Perfect is the Enemy of Good (for Product Management)

Artist's rendering of a Mars Exploration Rover.
Image via Wikipedia

As I help out startups that are pre-product/market fit as well as ones that have serious traction, I continually come back to Voltaire’s quote: the perfect is the enemy of good. There’s a serious challenge with startup products pilling on functionality to try to please everyone, which pleases no one. It is much better to create a good product for a focused base of users than it is to try to create the perfect product for all users. A perfect product will never happen. A perfect product management decision will never happen.

Instead, a culture of short, fast iterations with opinionated product management is best. A culture where new features can be brainstormed and implemented faster than the time it takes to wire-frame and detail a perfect plan. Perfect plans only need to exist for NASA. Perfect plans shouldn’t exist for startups. Startups need beta users, oxygen for the product, so that engineering is paced with customer feedback.

Release early and often.

What else? What are some other product management challenges with iterations and feedback?
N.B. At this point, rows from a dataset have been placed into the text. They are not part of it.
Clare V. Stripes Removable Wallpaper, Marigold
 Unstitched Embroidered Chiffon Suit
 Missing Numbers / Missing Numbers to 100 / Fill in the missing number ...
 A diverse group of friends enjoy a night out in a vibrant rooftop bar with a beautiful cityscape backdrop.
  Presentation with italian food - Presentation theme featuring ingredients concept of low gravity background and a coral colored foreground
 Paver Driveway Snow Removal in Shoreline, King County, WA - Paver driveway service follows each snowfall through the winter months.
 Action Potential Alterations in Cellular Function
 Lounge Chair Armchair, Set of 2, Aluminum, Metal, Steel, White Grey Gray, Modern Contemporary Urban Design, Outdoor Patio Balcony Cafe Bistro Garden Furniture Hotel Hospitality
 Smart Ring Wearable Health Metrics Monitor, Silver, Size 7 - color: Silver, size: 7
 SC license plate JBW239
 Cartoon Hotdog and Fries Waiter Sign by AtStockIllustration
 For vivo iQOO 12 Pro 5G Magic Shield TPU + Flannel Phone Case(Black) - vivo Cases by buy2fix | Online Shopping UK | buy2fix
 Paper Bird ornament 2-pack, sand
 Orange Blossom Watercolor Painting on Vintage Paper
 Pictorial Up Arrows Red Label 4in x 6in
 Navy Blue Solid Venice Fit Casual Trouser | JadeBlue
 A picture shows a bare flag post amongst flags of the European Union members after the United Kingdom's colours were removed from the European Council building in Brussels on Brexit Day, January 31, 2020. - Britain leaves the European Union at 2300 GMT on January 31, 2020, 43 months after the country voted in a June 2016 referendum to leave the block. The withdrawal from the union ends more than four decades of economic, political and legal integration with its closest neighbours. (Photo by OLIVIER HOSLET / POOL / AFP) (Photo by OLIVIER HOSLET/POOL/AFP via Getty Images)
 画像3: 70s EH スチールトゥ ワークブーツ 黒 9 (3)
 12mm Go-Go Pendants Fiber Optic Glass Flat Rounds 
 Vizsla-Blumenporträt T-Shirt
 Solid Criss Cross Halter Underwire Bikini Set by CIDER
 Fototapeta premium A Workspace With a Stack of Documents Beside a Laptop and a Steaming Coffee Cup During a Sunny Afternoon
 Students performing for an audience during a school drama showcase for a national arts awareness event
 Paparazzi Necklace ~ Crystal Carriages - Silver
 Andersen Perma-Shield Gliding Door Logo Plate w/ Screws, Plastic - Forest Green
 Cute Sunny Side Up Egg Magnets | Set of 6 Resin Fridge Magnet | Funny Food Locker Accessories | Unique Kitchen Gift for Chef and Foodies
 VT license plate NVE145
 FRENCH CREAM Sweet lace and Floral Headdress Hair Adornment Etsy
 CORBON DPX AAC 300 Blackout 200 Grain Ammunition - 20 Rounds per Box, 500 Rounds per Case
4 thoughts on “Perfect is the Enemy of Good (for Product Management)

  1. As our good pal Mike Landman, CEO of Ripple says:

    “A working application that can be tweaked beats a theoretical application that is perfect (and either sucks when it’s “done” or never sees the light of day)”

    I see a followup post for you on mechanisms for getting feedback. At Scout, we got the best feedback by sending out an automated e-mail 2 days after every account gets signed up, asking them what they thought, that replies directly to us.

    There are tons of other services out there too, like UserVoice, getsatisfaction, and others.